This year is taking off like a rocket! Literally (more on that shortly) and figuratively. I have just received word that the 2012 racing season is pretty much mine, if and how I want it. Win or lose, one thing is for certain: You, my lovelies, have opportunity to be with us every step of the way. Green to Checkered. No more unfinished business or unscheduled sabbaticals, since I have promised my racing buddy and sister in crime, Margie, that my literary prowess will be on it like an accident lawyer on a meatwagon, or keeping with the theme: On it like a crash truck on Miss Busa’s Beemer. Pinky swear.
In return, she’s going to pull off one hell of a project in 2013; if we don’t kill ourselves first.
Now back to dancing around in my living room singing praises to the God of Speed…
Dear Miss Busa,
It has come to my attention that you have become infamous with my colleagues at work. As I was gearing up for a nice little ride on my motorcycle; you know that thing that works IF you keep it upright at speed? Anyway, as I was getting ready, Bobby walked over to me to say hello. The following is the conversation as close as I can recall:
Bobby: “Heya, Joe!”
Me: “Hey, Bobby! How’s it going?”
Bobby: “Pretty good. Great weather to ride, huh?”
Me: “Yes it is. Where’s your ride? I see you are cruising around in that big new Ford of yours.”
Bobby: “Yep, but I’m about to start riding my Hog again. The gas prices are killing me.”
Me: “Uh-huh, save some of that green.”
Bobby: “Got that right! Say where’s our girl, Crash?”
Me: “She wrecked her bike. Guess following me to work in the truck isn’t as much fun as riding.”
Bobby: [looking incredulous] “She wrecked it again? How freakin’ fast was she going this time?
Me: “A little over 120 miles an hour.”
Bobby: [now chuckling] “Guess the roads are safe again … for a little while.”
As you can plainly see, you are reinforcing your reputation with your latest antics at the track.
This is a desperate plea to you. I am begging you! When I said to come back with your shield or on it, I didn’t think you’d take me so literally. I want you to win, but gee whiz, I thought you’d do it in the customary way, you know: first across the finish line. Well, I guess if you’re going to be Number One in crashing, we should lobby WERA to include a Crash Class in the award ceremonies.
“… and Miss Busa wins the Golden Turd for the most impressive and expensive lowside this weekend.”

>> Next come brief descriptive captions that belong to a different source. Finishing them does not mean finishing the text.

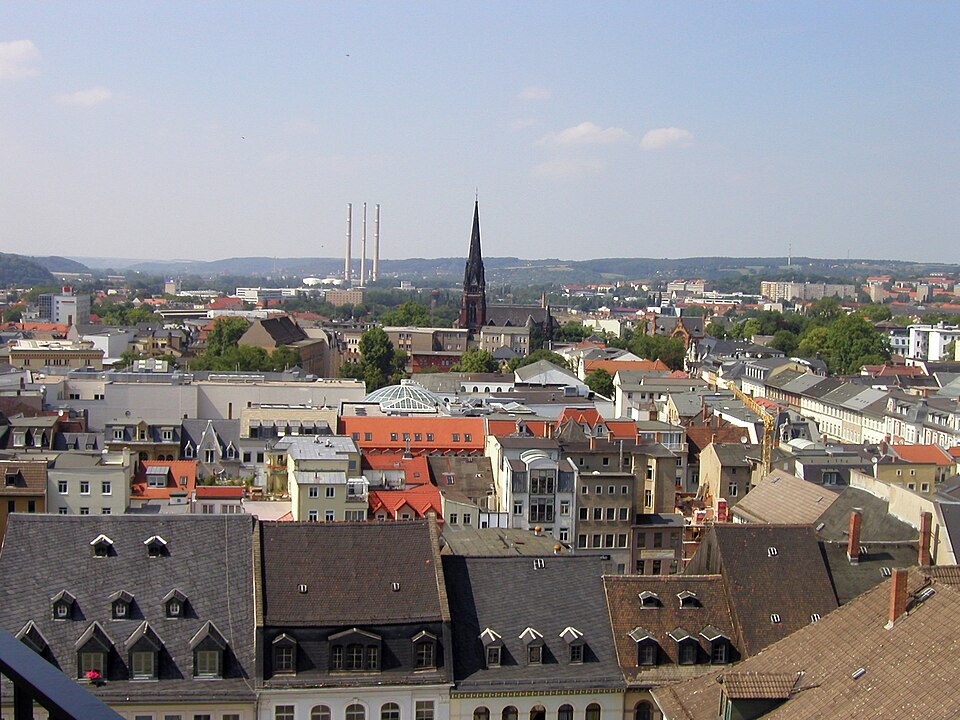 Umzug von Gera nach Zypern per Container: Blick vom Rathausturm über Gera – Foto: The original uploader was Schorle at German Wikipedia., CC BY-SA 3.0, via Wikimedia Commons Umzug von Gera nach Zypern per Container: Blick vom Rathausturm über Gera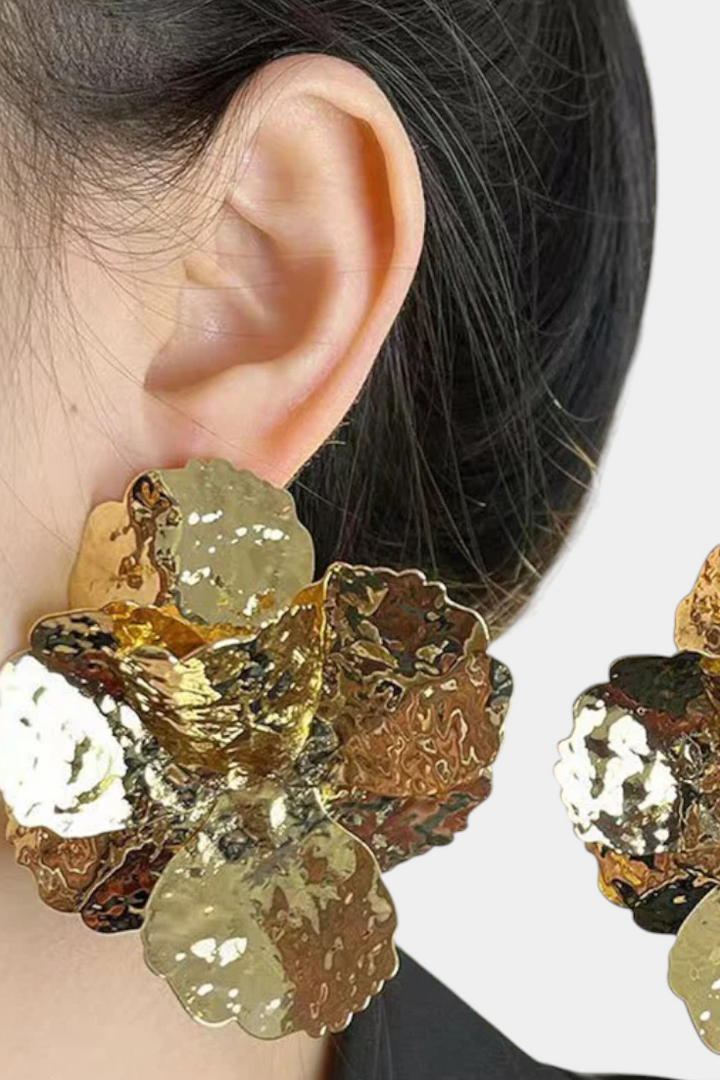 Květinové Tvarované Lesklé Náušnice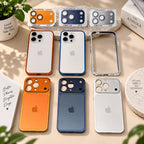 Overhead flat lay of iPhone 17 converter cases in all colours on a marble surface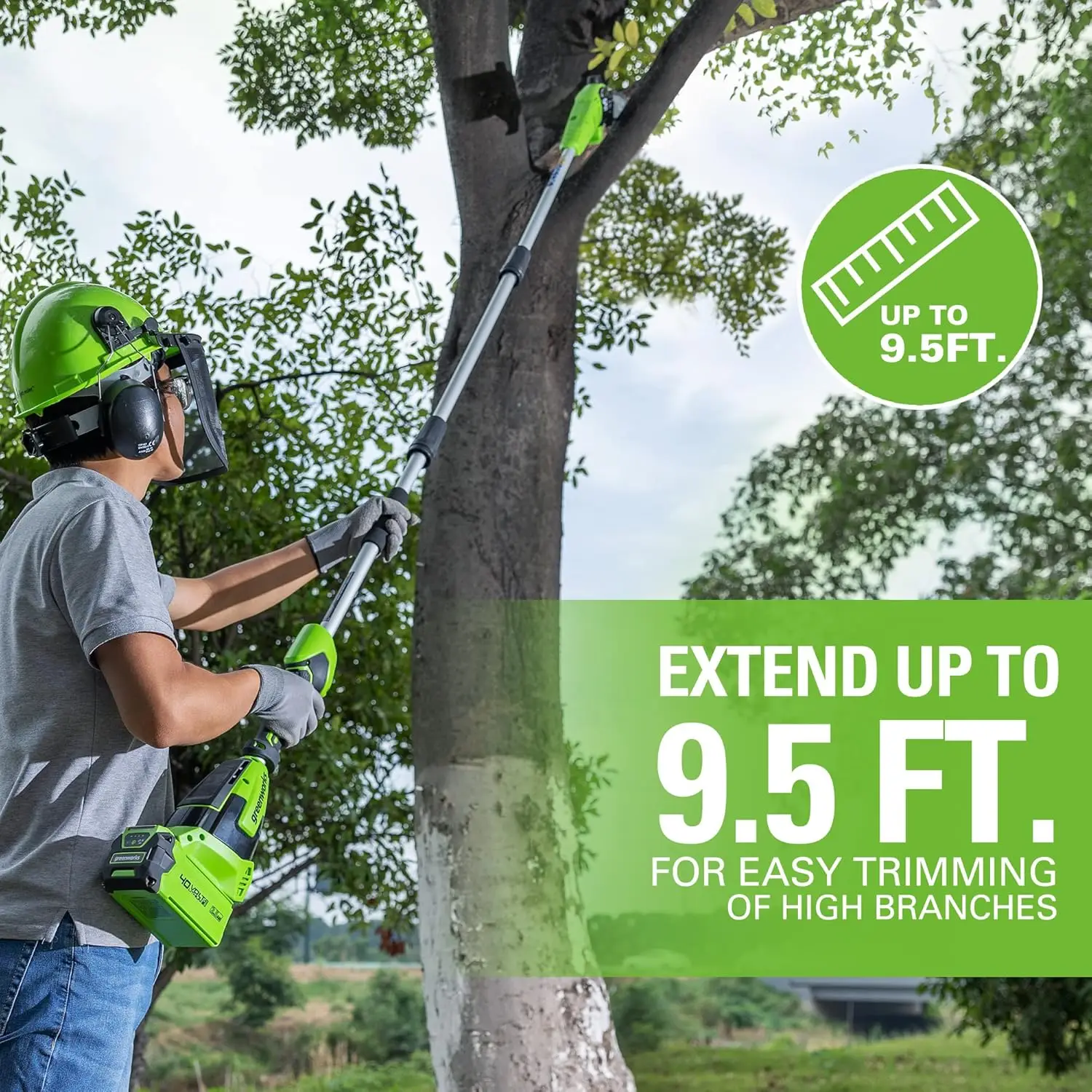 40V Brushless Pole Saw Pole Hedge Combo Battery and Charger Included EASY ADJUST TENSIONING For easily trimming branches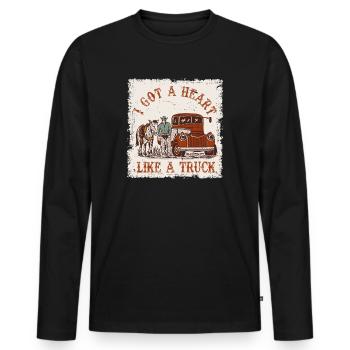 J’ai un cœur comme un camion - T-shirt manches longues Premium bio Homme - noir - Devant - Nico (187cm)
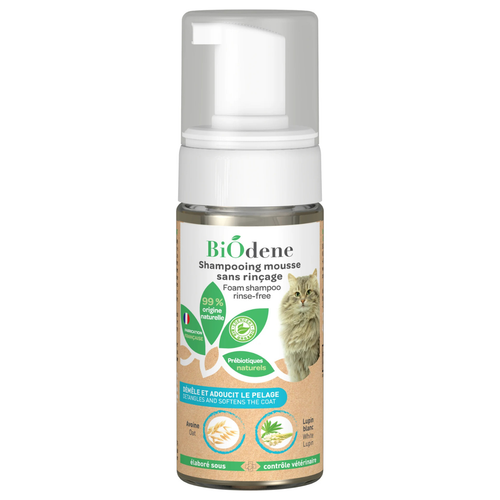 Visuel 1 du produit Shampooing mousse pour chat sans rinçage Biodène – 125 ml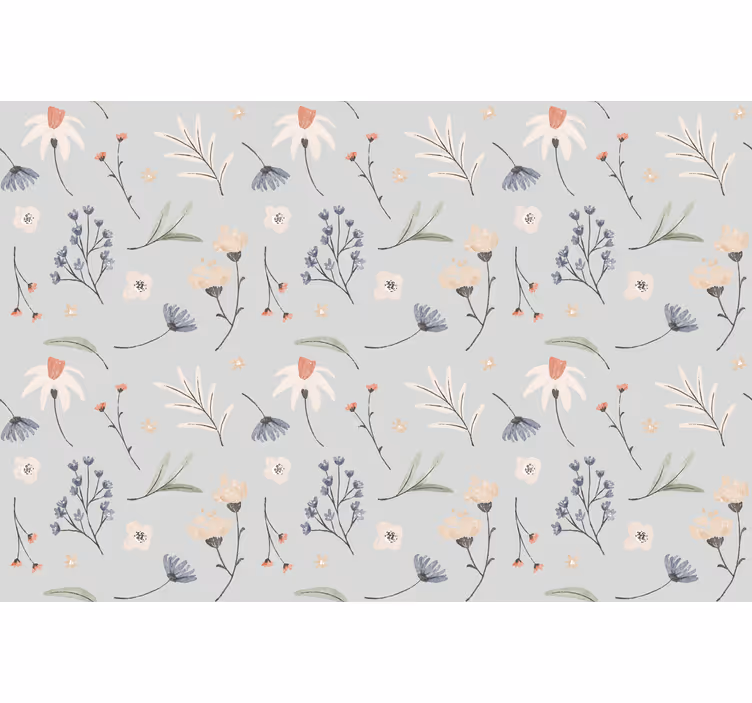 Tenda a rullo grigia motivo floreale hamptons - TenStickers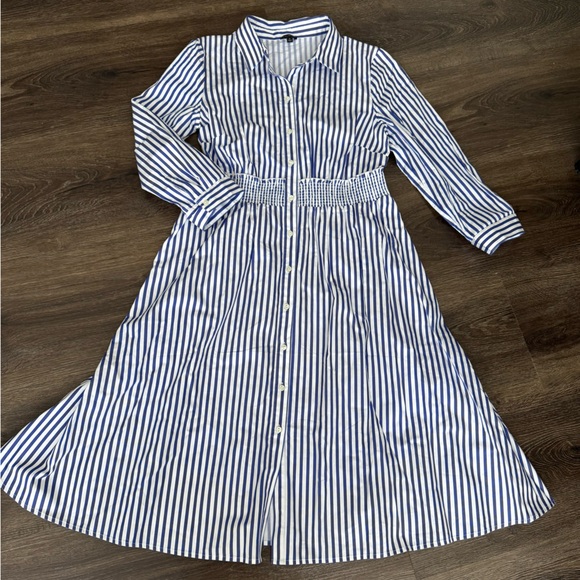 Talbots Dresses & Skirts - Talbots Blue and White Striped Shirt. New! 100% cotton.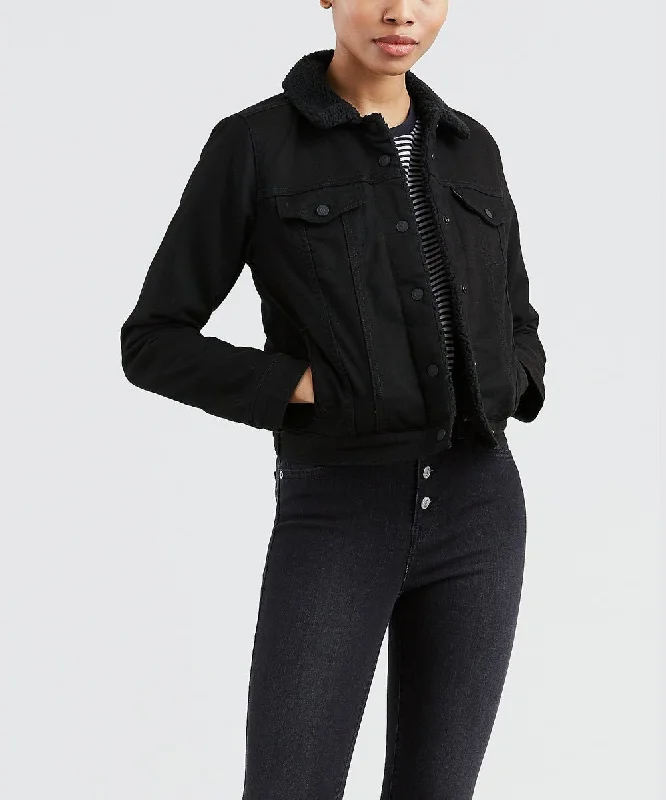 Levi's Women's Original Sherpa Trucker Jacket - Forever Black Bomber Jacket Anorak Windbreaker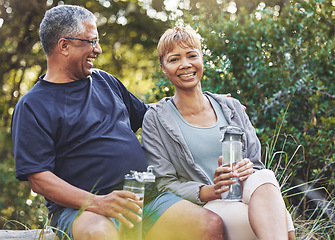 Image showing Fitness, portrait or old couple in nature for hiking workout, walking exercise or trekking on holiday vacation. Retirement, healthy or happy woman hugs or bonding with senior partner in a forest park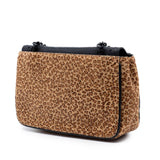 Pony Hair Leopard Print Shoulder Bag Brown - Lab Luxury Resale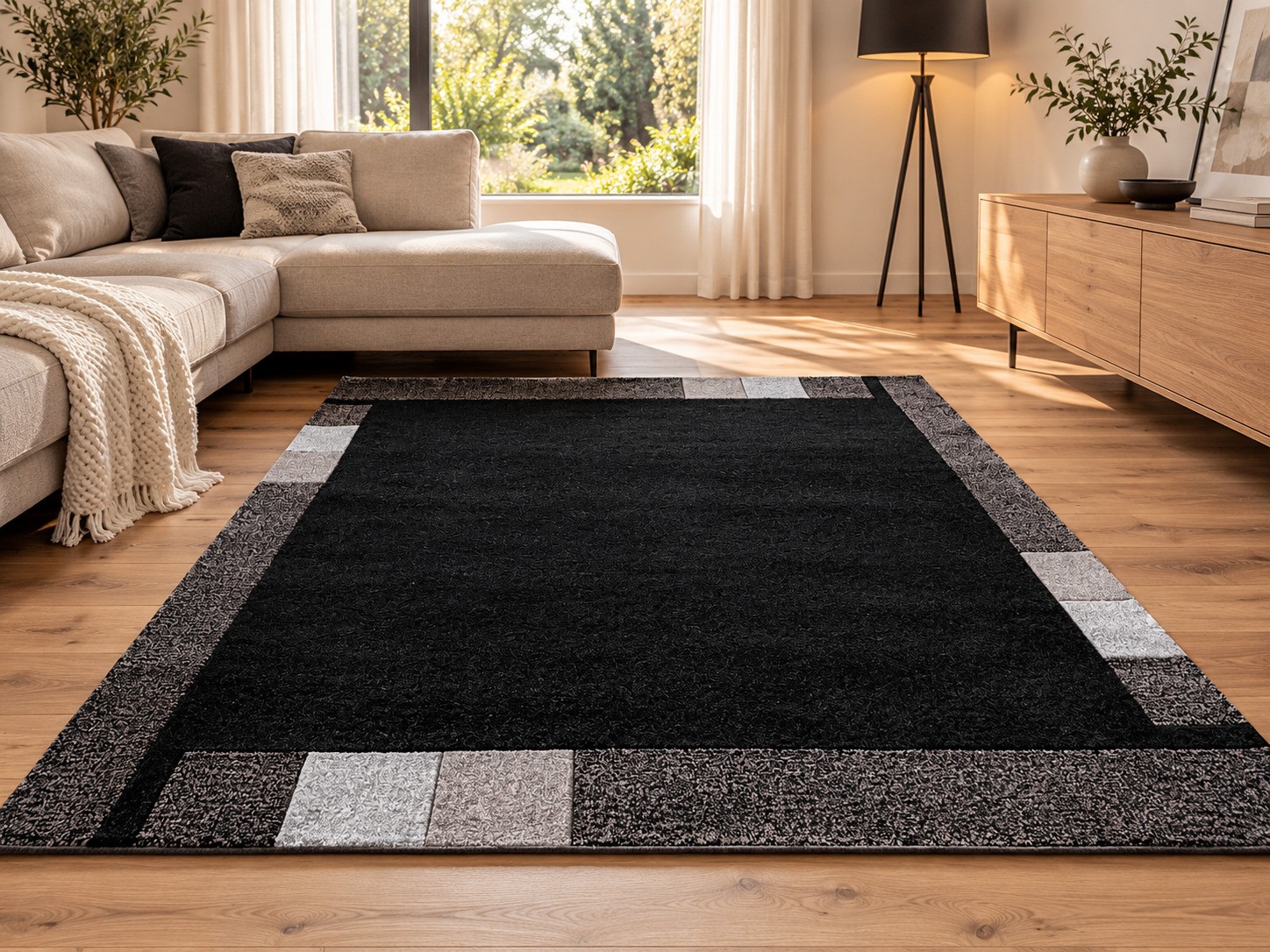 Designer Teppich Sylt Bordüre 200x200 cm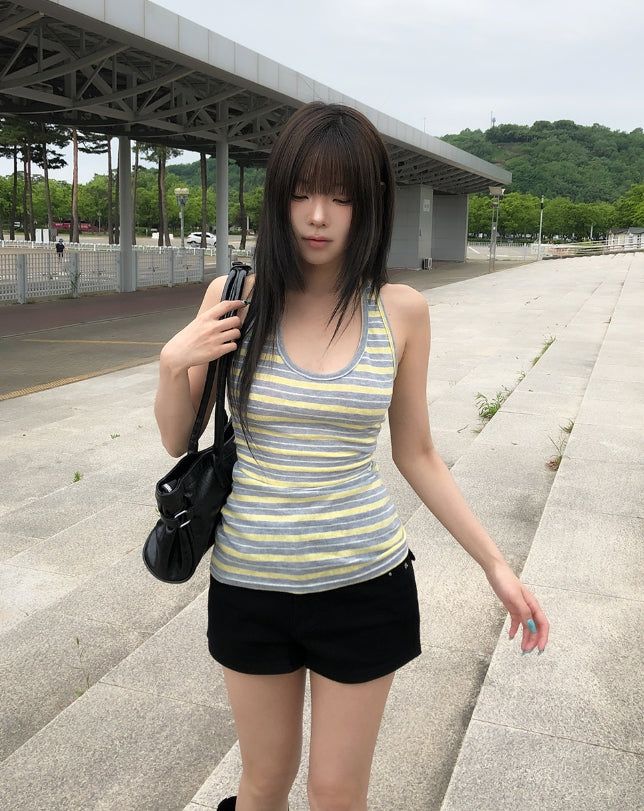 Fruity Stripe Halter Sleeveless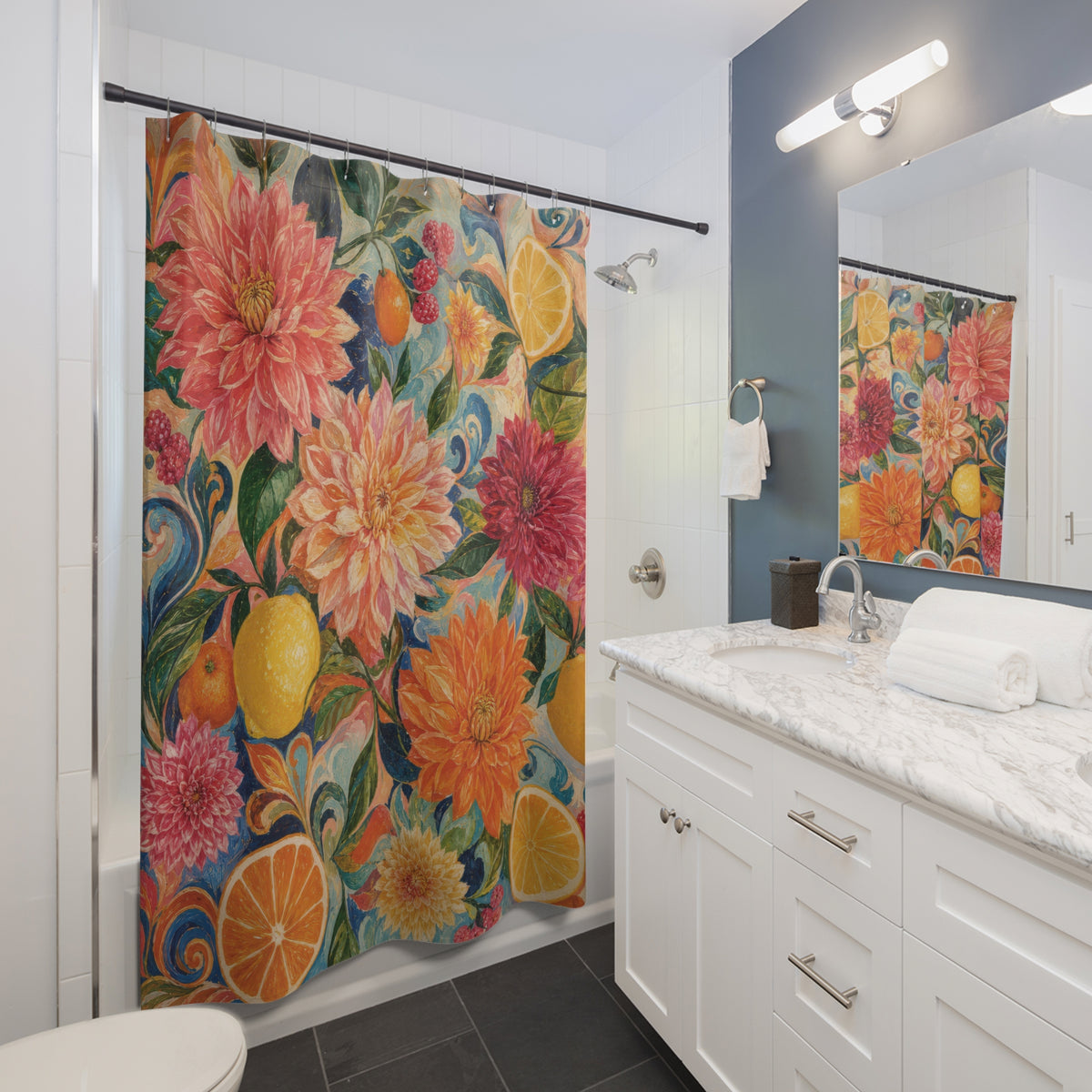 Citrus Dahlia Reverie Shower Curtain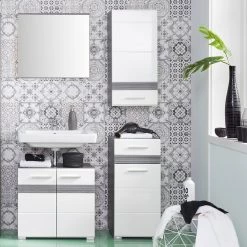 Trendteam Meuble bas Storm Light - Blanc brillant / Imitation chêne de Sardaigne gris cendré -Meubles de salle de bain Soldes 2022 1000218767 200716 17100400036 MOOD DETAILS P000000001000218767 mood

I have written the acceptance speech for you, too:
“I’d like to thank WERA for putting on a great weekend; the corner workers for schlepping my bike out of the gravel trap yet again, I know you guys are getting tired of it, so thank you; many thanks go out to the medics who have conveniently relocated the ambulance to wait near Turn 1. You guys rock! I would also like to thank my sponsors: BMW Parts Division, FedEx for their awesome overnight service, Bondo, and Blue Cross & Blue Shield of Georgia. Last, but not least, I need to show my gratitude to my mechanic; however, I’ve done this so often, I’ll have to start working on my own shit.”
Anyway, my point is: congratulations, you’ve earned renown points. I love you, Babe, you keep doing what you’re doing, if you aren’t crashing, you aren’t trying.
Your loving sponsor
The race pics are up. Feast your eyes on the awesome work of Kendrick Kirk who runs MotoHD.net and was our track photographer for the weekend. I have a feeling though, that Kendrick would have rather been out there with us playing on the track than being stuck behind his Canon. I always buy the track photos to support the guys and girls who give us the opportunity to get some kickass pictures of ourselves doing what we love to do. Besides, you get your lens into way more places with a media pass than Mr. Slow ever dreamed of. He, of course, makes up for his shortcomings with the size of his lens. To the Slow One’s defense, he did catch me with my knee down.